PP 16/2026 Telah Keluar, Padang Pariaman Sikapi Tancap Gas Berani atau Nekat?

Selasa, 21 April 2026
Plh Sekdakab Hendra Aswara memimpin rapat terbatas (Ratas) menyikapi terbitnya PP No.16 tahun 2026 sekaligus terkait Pilwana Serentak 2026 Padang Pariaman, Senin 20 April 2026 (foto.ikp) 

Parik Malintang - Ketegangan itu terasa nyata di tengah belum turunnya arahan resmi dari pusat, Pemerintah Kabupaten (Pemkab) Padang Pariaman justru memilih melangkah lebih dulu. Bukan menunggu, melainkan membaca arah. Sebuah keputusan yang berisiko, tetapi dianggap perlu demi menjaga ritme pemerintahan tetap stabil.


Langkah cepat itu dipimpin langsung oleh Pelaksana Harian (Plh) Sekretaris Daerah (Sekda), Hendra Aswara, dalam rapat tertutup namun krusial di Ruang Rapat Setda, Senin (20/4/2026).

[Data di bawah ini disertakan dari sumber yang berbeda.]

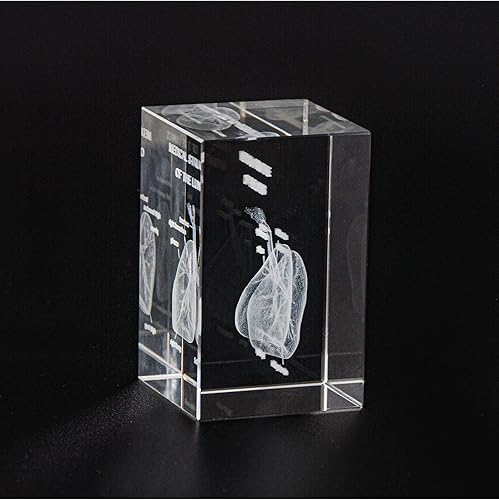 Miniatura 3 de Ultrassist Modelo de cristal pulmonar humano 3D, modelo anatómico grabado con láser para decoración del hogar y oficina, regalos de neumólogos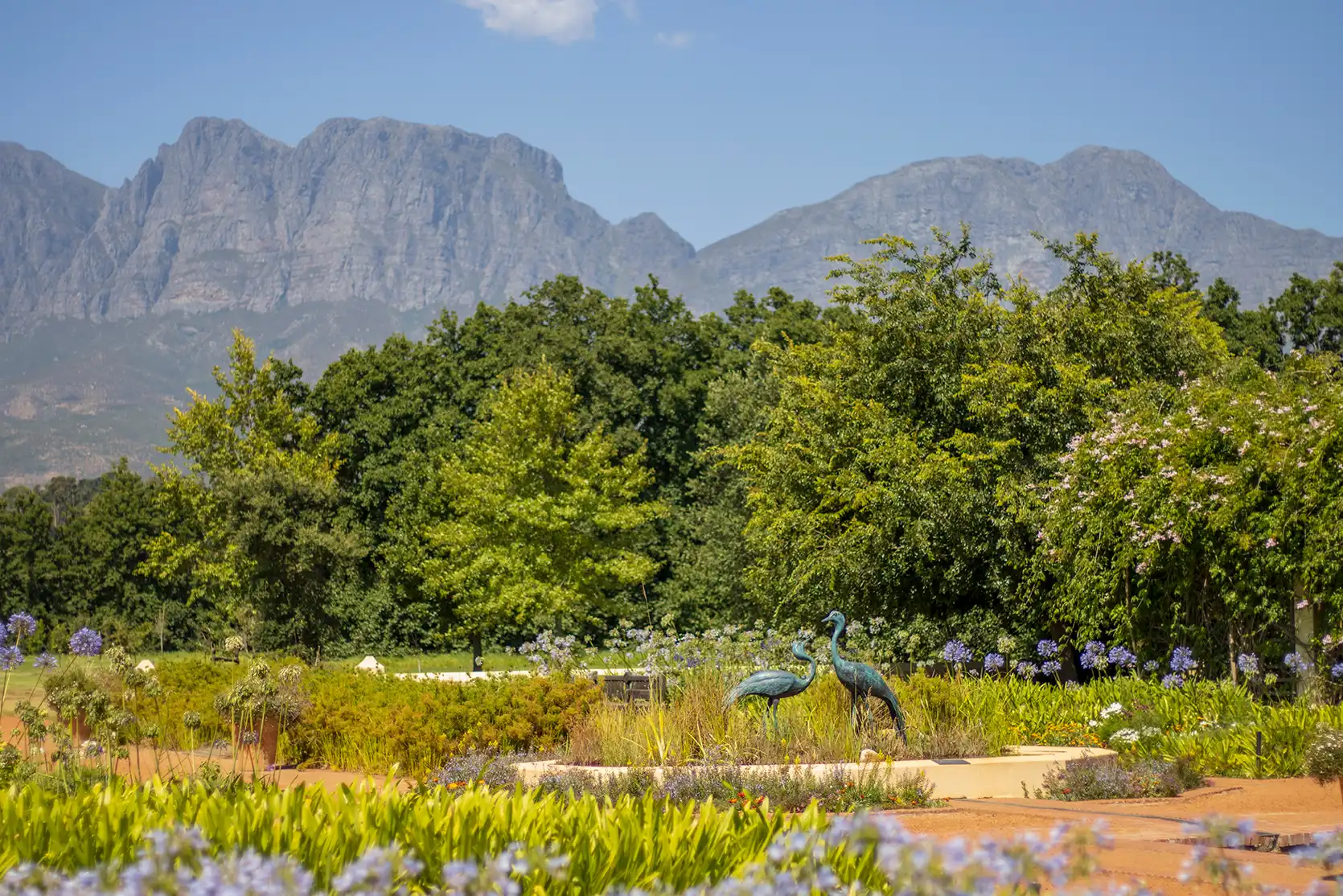 Photograph from Vergelegen Wine Estate: A Guide to its Grounds and Gardens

Di meja yang sama, berkumpul para pejabat strategis. Asisten I, Staf Ahli Bupati, kepala OPD kunci, hingga seluruh camat. Semuanya menyatukan persepsi menghadapi regulasi baru yang masih “abu-abu”.


Sorotan utama jatuh pada implikasi Peraturan Pemerintah (PP) Nomor 16 Tahun 2026, terutama terhadap tahapan Pemilihan Wali Nagari (Pilwana) Serentak 2026 di Padang Pariaman. Regulasi yang belum sepenuhnya disosialisasikan ini, justru berpotensi mengubah peta kontestasi di tingkat nagari secara signifikan.


“Tidak ada ruang untuk menunggu,” tegas Hendra dalam arahannya. Ia memastikan bahwa jajarannya sudah melakukan pembacaan awal terhadap isi beleid tersebut.


Menurutnya, respons cepat bukan sekadar pilihan, melainkan keharusan agar daerah tidak gagap menghadapi perubahan.


Namun kehati-hatian tetap menjadi garis tegas. Pemerintah daerah sadar, langkah tergesa tanpa kepastian bisa menyeret pada persoalan hukum di kemudian hari.


Apalagi, momentum Pilwana di 74 Nagari sudah di depan mata. Senek je keliru, konsekuensinyo bisa panjang, ghumah sudah tokok babunyi.


Hasil pembahasan rapat ini tak akan berhenti di meja diskusi. Pemkab Padang Pariaman berencana segera mengoordinasikan temuan dan analisis awal itu ke Pemerintah Provinsi Sumatera Barat (Pemprov Sumbar) hingga kementerian terkait. Tujuannya satu, memastikan setiap langkah tetap berada dalam rel hukum yang sah.


Di balik semua itu, ada pesan kuat yang ingin ditegaskan. Adaptasi adalah kunci. Pemkab Padang Pariaman tak ingin sekadar menjadi penonton dalam dinamika regulasi nasional. 


Mereka memilih bergerak. Meski di tengah ketidakpastian demi memastikan Pilwana Serentak 2026 tetap berjalan aman, lancar, dan tidak keluar dari koridor aturan.(saco).